BEGIN
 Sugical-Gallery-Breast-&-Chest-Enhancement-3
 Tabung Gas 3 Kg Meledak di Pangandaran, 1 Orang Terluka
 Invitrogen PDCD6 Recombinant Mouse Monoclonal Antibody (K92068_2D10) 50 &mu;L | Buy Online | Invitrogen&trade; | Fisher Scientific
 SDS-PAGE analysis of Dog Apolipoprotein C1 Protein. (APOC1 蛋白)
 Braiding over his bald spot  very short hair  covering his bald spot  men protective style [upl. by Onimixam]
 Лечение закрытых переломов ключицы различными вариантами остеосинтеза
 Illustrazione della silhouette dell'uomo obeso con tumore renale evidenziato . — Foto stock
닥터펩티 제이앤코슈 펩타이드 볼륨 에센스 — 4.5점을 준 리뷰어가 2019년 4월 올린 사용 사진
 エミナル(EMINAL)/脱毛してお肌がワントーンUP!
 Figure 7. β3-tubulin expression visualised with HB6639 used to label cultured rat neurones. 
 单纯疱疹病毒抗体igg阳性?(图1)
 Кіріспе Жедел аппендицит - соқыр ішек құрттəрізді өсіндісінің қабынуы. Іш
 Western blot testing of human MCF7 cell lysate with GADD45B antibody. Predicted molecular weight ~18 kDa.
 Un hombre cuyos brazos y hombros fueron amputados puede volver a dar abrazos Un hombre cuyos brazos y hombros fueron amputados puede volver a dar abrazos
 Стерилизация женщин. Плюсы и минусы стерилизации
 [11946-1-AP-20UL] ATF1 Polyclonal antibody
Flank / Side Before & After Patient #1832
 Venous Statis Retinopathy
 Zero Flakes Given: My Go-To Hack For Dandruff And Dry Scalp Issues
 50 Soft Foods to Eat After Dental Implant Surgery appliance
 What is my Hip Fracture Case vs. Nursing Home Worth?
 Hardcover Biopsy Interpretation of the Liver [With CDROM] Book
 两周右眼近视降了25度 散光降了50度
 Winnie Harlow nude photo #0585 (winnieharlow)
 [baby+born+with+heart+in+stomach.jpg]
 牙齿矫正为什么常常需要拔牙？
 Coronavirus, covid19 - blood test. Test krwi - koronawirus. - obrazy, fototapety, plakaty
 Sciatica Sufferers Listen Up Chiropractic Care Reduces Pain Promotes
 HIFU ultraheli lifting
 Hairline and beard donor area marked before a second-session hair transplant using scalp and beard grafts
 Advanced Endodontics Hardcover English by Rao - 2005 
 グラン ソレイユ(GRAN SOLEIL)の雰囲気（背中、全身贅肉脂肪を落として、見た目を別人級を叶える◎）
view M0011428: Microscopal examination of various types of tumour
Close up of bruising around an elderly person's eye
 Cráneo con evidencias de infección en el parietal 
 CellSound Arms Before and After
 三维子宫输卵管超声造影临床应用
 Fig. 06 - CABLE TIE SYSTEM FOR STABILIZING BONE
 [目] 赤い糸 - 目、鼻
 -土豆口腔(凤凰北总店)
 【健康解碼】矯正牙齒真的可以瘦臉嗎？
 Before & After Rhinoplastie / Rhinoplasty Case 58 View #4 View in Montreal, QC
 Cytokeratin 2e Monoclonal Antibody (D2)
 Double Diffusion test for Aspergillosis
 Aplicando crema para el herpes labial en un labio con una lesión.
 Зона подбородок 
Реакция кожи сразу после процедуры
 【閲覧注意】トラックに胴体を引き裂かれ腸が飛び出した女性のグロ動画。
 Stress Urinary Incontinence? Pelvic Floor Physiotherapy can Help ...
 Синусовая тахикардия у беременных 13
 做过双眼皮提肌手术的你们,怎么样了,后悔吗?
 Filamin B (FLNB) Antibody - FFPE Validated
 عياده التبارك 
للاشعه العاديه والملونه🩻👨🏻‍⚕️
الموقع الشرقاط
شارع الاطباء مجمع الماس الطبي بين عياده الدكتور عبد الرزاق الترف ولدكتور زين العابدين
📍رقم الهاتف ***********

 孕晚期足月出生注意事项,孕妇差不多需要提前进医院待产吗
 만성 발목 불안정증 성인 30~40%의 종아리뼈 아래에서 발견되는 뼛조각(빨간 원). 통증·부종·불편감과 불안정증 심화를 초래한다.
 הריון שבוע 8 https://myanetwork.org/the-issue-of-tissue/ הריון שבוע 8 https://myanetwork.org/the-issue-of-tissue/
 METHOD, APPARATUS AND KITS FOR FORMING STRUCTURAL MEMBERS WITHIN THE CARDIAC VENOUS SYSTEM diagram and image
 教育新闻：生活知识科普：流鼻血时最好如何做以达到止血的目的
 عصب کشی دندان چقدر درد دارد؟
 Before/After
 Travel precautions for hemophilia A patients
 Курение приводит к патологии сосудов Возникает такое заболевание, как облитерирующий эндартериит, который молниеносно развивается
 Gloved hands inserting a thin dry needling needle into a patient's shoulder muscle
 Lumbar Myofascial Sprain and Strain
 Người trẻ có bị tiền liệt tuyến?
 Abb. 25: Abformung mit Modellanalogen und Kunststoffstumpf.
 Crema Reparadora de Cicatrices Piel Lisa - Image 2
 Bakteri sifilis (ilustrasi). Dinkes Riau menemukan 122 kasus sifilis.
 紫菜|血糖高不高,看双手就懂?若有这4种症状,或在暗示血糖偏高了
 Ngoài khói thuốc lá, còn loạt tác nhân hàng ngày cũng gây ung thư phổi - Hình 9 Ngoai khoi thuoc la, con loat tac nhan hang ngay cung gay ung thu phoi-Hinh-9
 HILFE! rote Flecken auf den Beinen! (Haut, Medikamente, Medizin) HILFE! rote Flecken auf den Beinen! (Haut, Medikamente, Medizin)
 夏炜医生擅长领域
END
=== Task statement ===
Check each line above for "Hardcover" and state how many match, answering with only the number.

=== Response to this exercise ===
2